# WeatherPy
----

#### Note
* Instructions have been included for each segment. You do not have to follow them exactly, but they are included to help you think through the steps.

In [1]:
# Import dependencies and setup for the script
import matplotlib.pyplot as plt
import pandas as pd
import numpy as np
import requests
import time
import json
from scipy.stats import linregress

# import citipy for based on latitude and longitude
from citipy import citipy
import datetime
today = datetime.date.today()

# Import the API Keys Google and OpenWeather (blocked w/ gitignore)
from api_keys import weather_api_key

# Output File (CSV)
output_data_file = "../output_data/cities.csv"

# Use these ranges of latitudes and longitudes
lat_range = (-90, 90)
long_range = (-180, 180)

## Generate Cities List

In [2]:
# Make the lists for holding the latitude and longitudes per cities
lat_longs = []
cities = []

# To create a list of random cities with lat and lng combinations
lats = np.random.uniform(lat_range[0], lat_range[1], size=1500)
longs = np.random.uniform(long_range[0], long_range[1], size=1500)
lat_longs = zip(lats, longs)

# Find and identify nearest city for each latitude, longitude combination
for lat_long in lat_longs:
    city = citipy.nearest_city(lat_long[0], lat_long[1]).city_name
    
    # If the city is unique, then add it to a our cities list
    if city not in cities:
        cities.append(city)

# CHECKPOINT: Print the city count to confirm sufficient count
print(f'There is {len(cities)} cities in the list.')
print(f'It will take {round(len(cities)/60, 2)} minutes to connect to the servers in each city.')

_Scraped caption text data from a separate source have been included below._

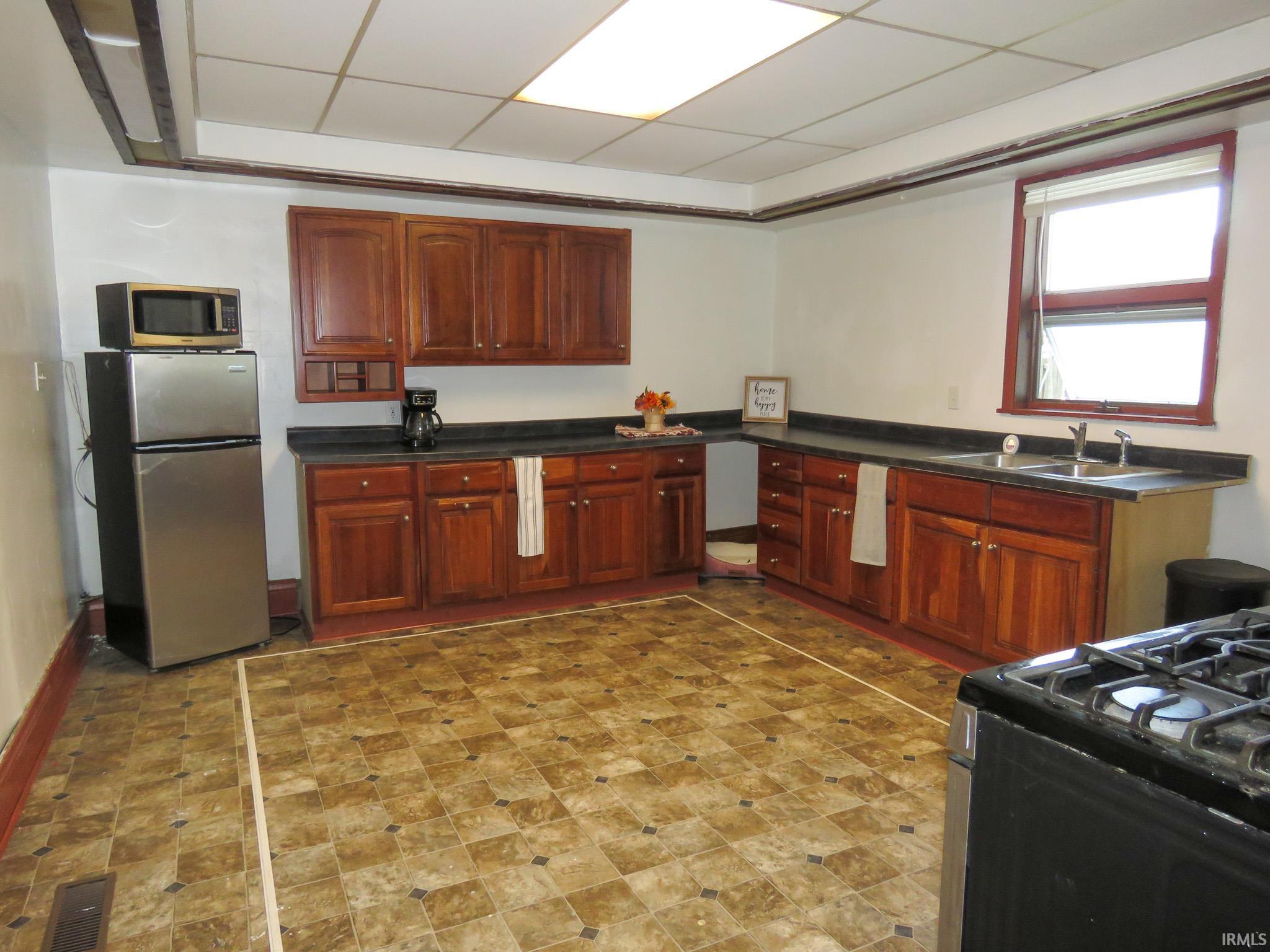 Homes for sale in Swayzee, IN | 207 W Lincoln St, Swayzee, IN 46986 | MLS# 202532570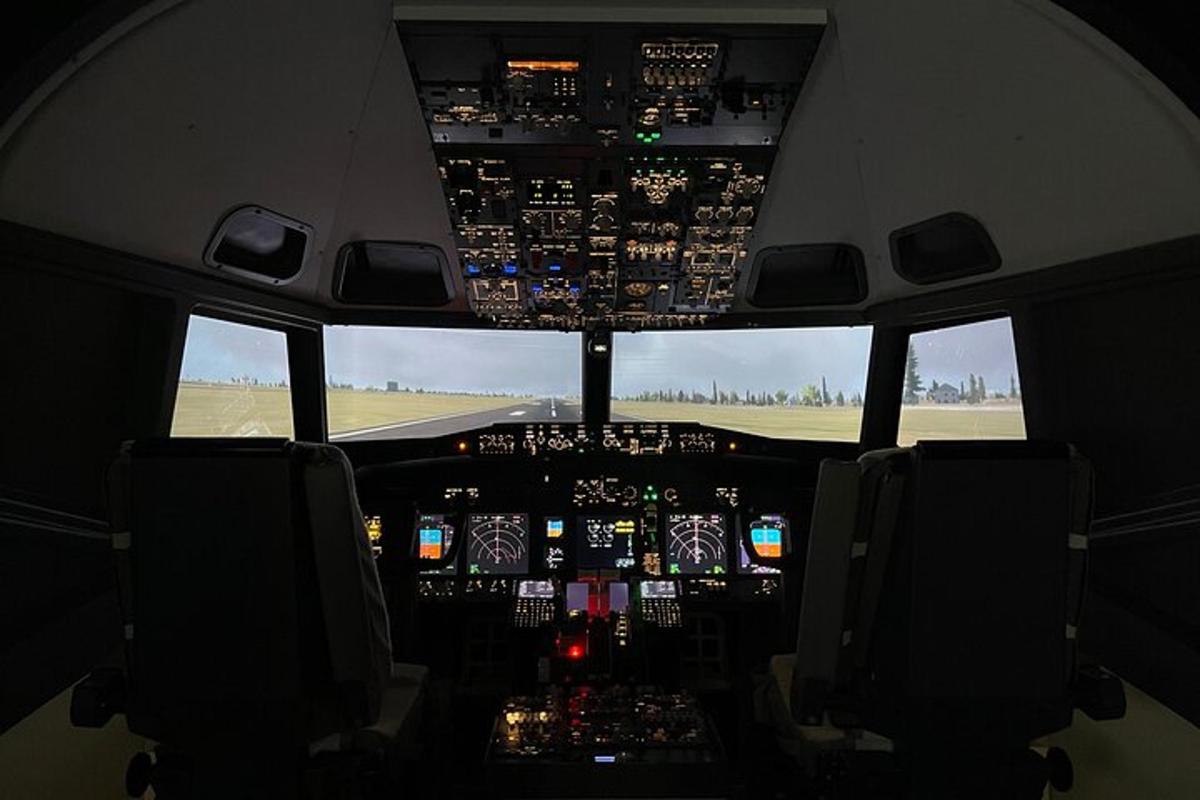 una vista de la cabina de un avión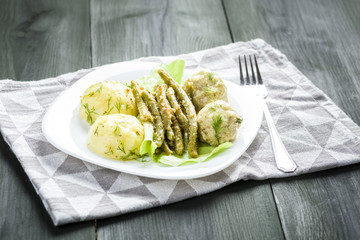 Meatballs in dill sauce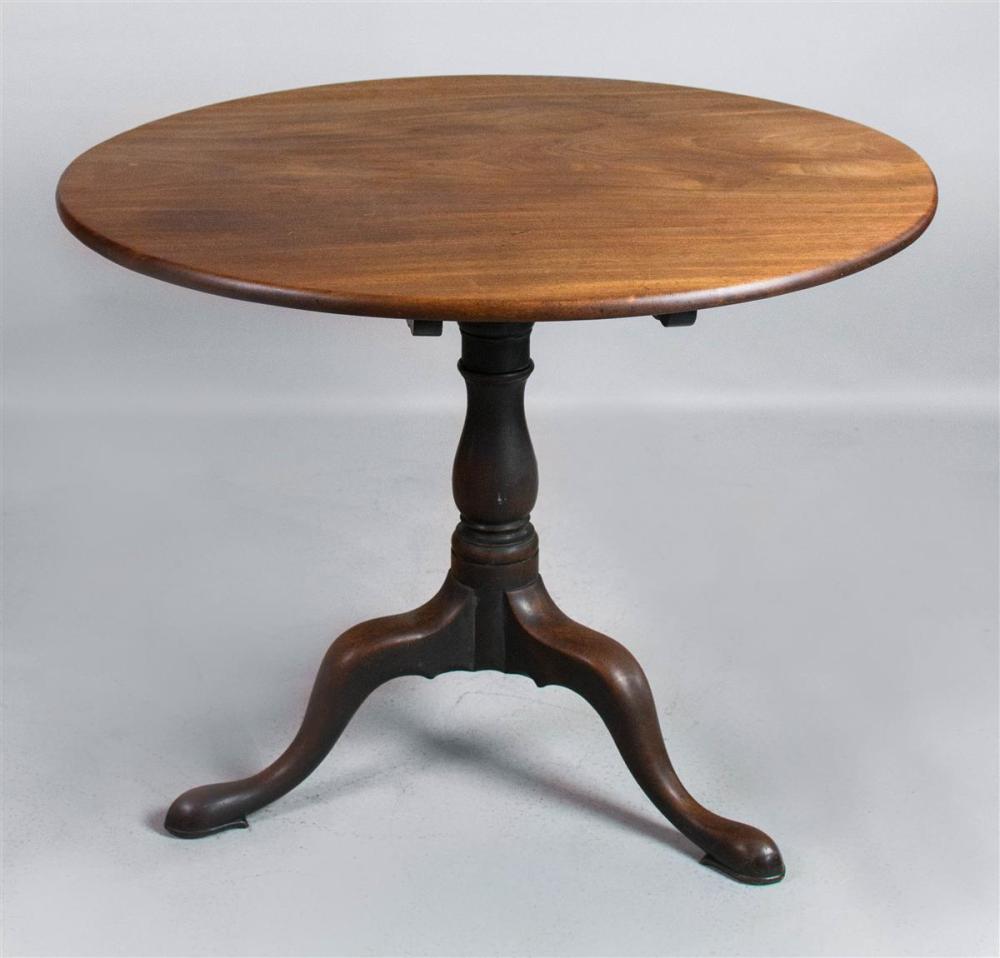 QUEEN ANNE STYLE MAHOGANY TILT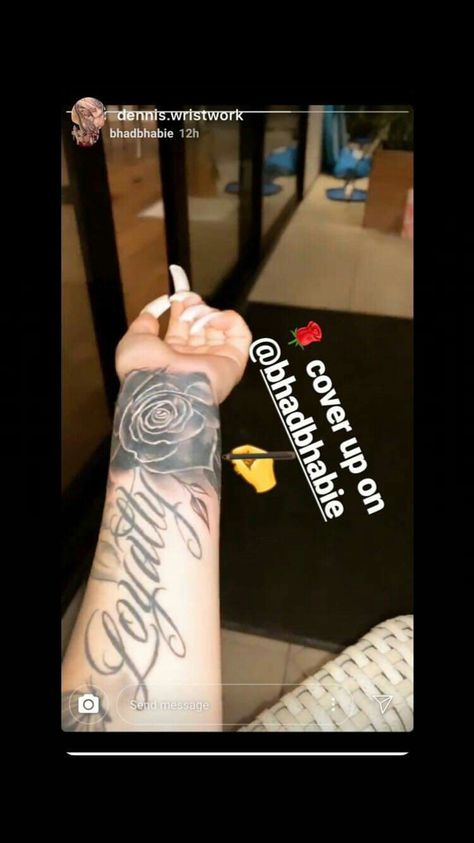 Bhadbhabie Tattoo, Bhad Bhabie Tattoos, Spirit Tattoo, Feminine Tattoo Sleeves, Inspiration Tattoo, Cute Hand Tattoos, Cross Tattoos For Women, Hand And Finger Tattoos, Neck Tattoos Women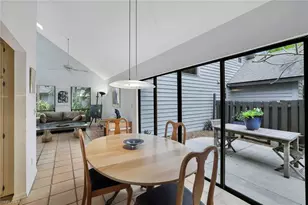 1329 Solana Rd, Naples, FL 34103 - Photo 10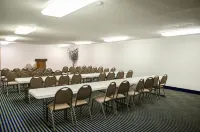 Super 8 by Wyndham Pensacola Các khách sạn ở Escambia County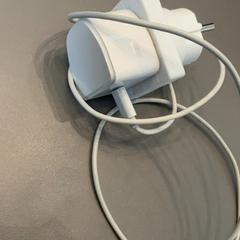 Adapter White phone charger, amint azt MEININGER Hotel Amsterdam Amstel az iLost segítségével jelentette.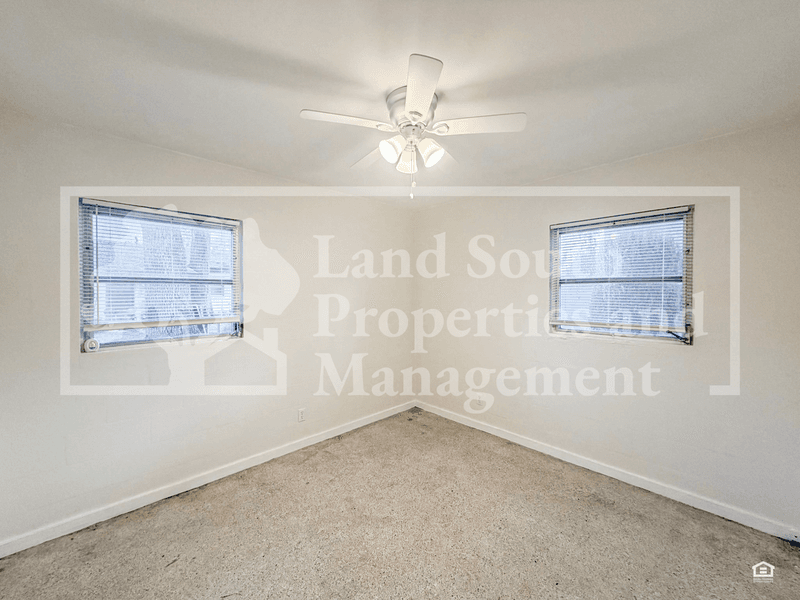 Lakeland House: 2323 Jungle Street
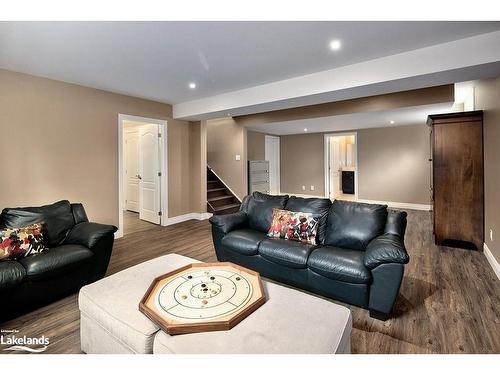 105 High Bluff Lane, Thornbury, ON - Indoor Photo Showing Bedroom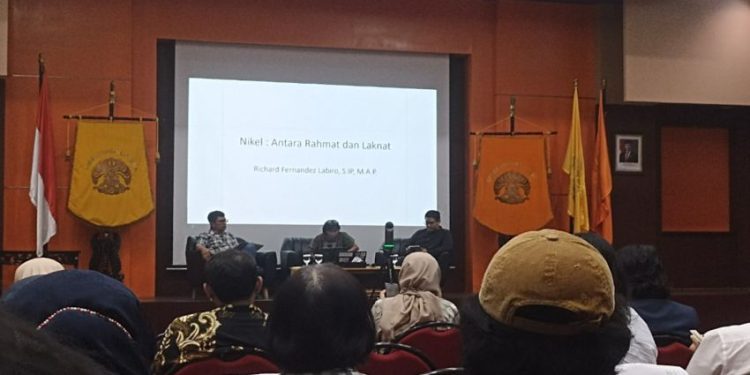 Seminar Penelitian Eksplorasi Mineral Kritis oleh FISIP UI dan CIRes LPPSP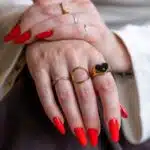 Verzorgde rode nagels van een vaste klant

There is 609 cities in the list.
It will take 10.15 minutes to connect to the servers in each city.


### Perform API Calls
* Perform a weather check on each city using a series of successive API calls.
* Include a print log of each city as it'sbeing processed (with the city number and city name).


In [3]:
# Get the number of sets needed in the for loop
total_set_number = (len(cities) // 50) + 1

# Set up the lists which will be used to create dataframe
date = []
city = []
country = []
max_temp = []
humidity = []
lat = []
lon = []
cloudiness = []
wind_speed = []

#Add a failed counter
failed_counter = 0
url = "http://api.openweathermap.org/data/2.5/weather?appid=" + weather_api_key + "&units=imperial&q="
url = "http://api.openweathermap.org/data/2.5/weather?appid=" + weather_api_key + "&units=Imperial&APPID="
url = "http://api.openweathermap.org/data/2.5/weather?units=Imperial&APPID=" + weather_api_key

# Gather weather information for each city
print('Getting data from site...')
print('------------------------------------------------')

# 
for set_counter in range(total_set_number):
    
    # Use try and except block: prevents the code from stopping when the set does not have 50 records
    try:    
        
        # For each record, OpenWeather API will pull the information and append to corresponding lists
        for record_counter in range(50):
            
            # Apply a counter to show the actual index the city is in the cities list 
            counter = set_counter * 50 + record_counter
            
            # CHECKPOINT
            # Print the current set and record index
            print(f'Processing Record {record_counter + 1} of Set {set_counter + 1} | {cities[counter]}')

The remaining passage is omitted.